Functional overview (how an operator uses it)

  1. Configure the server: VAULT_ADDR plus an auth method — VAULT_TOKEN, or VAULT_ROLE_ID + VAULT_SECRET_ID for AppRole. (Standard VAULT_NAMESPACE / VAULT_CACERT / VAULT_SKIP_VERIFY are honored.)
  2. Create a HashiCorp-backed vault, via CLI:
    agent-vault vault create my-app \
      --credential-store=hashicorp \
      --hashicorp-mount=secret \
      --hashicorp-path=agent-vault/demo \
      --hashicorp-kv-version=2
    
    …or via the web New vault form (HashiCorp Vault option + mount/path/KV-version fields).
  3. The KV item's key/value pairs become the vault's credentials, polled read-only at the per-vault cadence and served through the broker.

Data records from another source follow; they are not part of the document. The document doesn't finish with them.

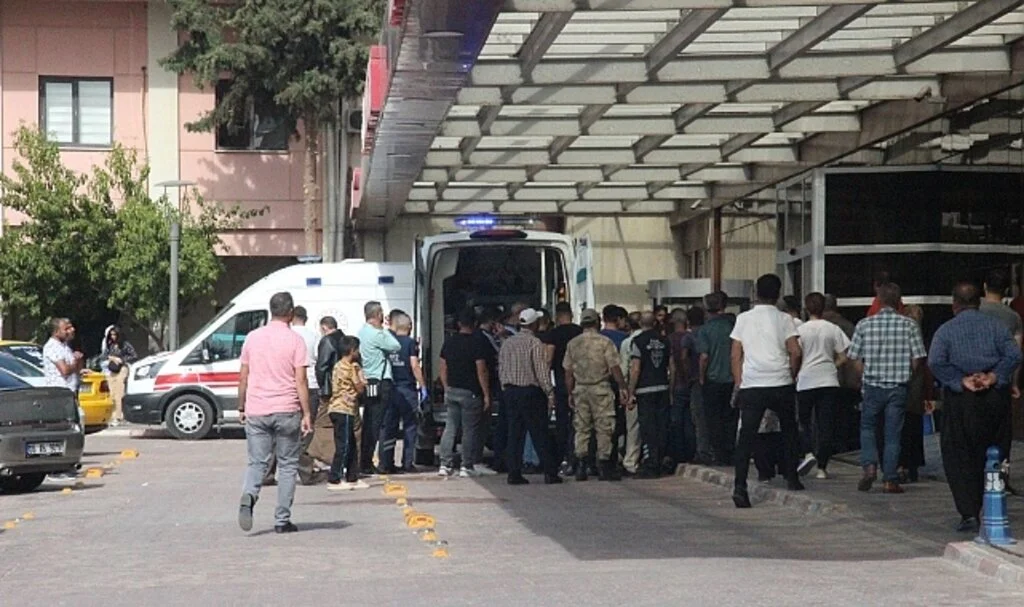 Zeytin Dalı Harekat bölgesinde TSK unsurlarına saldırı: 3 yaralı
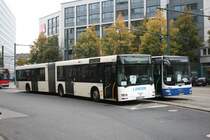Langen DN L 371 hier mit Langen BM TC 424 am HBF D�sseldorf auf dem Buspausenplatz.
11.10.2009  
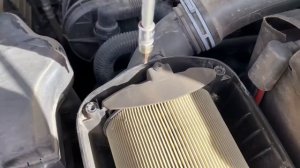 Как заменить воздушный фильтр Шкода Октавия А5 , Skoda Octavia A5 двигатель 1.6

Rotate a secret in HashiCorp Vault → it propagates on the next sync (or Manual sync). Local mutations are rejected; HashiCorp Vault is the source of truth.

Technical overview

  • internal/hashicorp (new) — mirrors internal/infisical: auth-method detection (token / AppRole), a vault/api client (KV v1 + v2), and a per-vault Syncer that fetches, encrypts with the DEK, and replaces the cached credentials.
  • store — migration 050 widens the vault_credential_stores.kind CHECK to allow 'hashicorp'; adds the CredentialStoreHashicorp constant.
  • server — a second sync worker; the shutdown drain now waits on all external-store syncers before wiping the DEK.
  • handlerscreateExternalVault and the manual-sync handler dispatch by kind; upstream topology (mount/path, sync errors, invalid-key names) is redacted from non-admin/owner viewers.
  • CLI--credential-store=hashicorp + --hashicorp-mount/-path/-kv-version.
  • web — HashiCorp option + fields in the create-vault form.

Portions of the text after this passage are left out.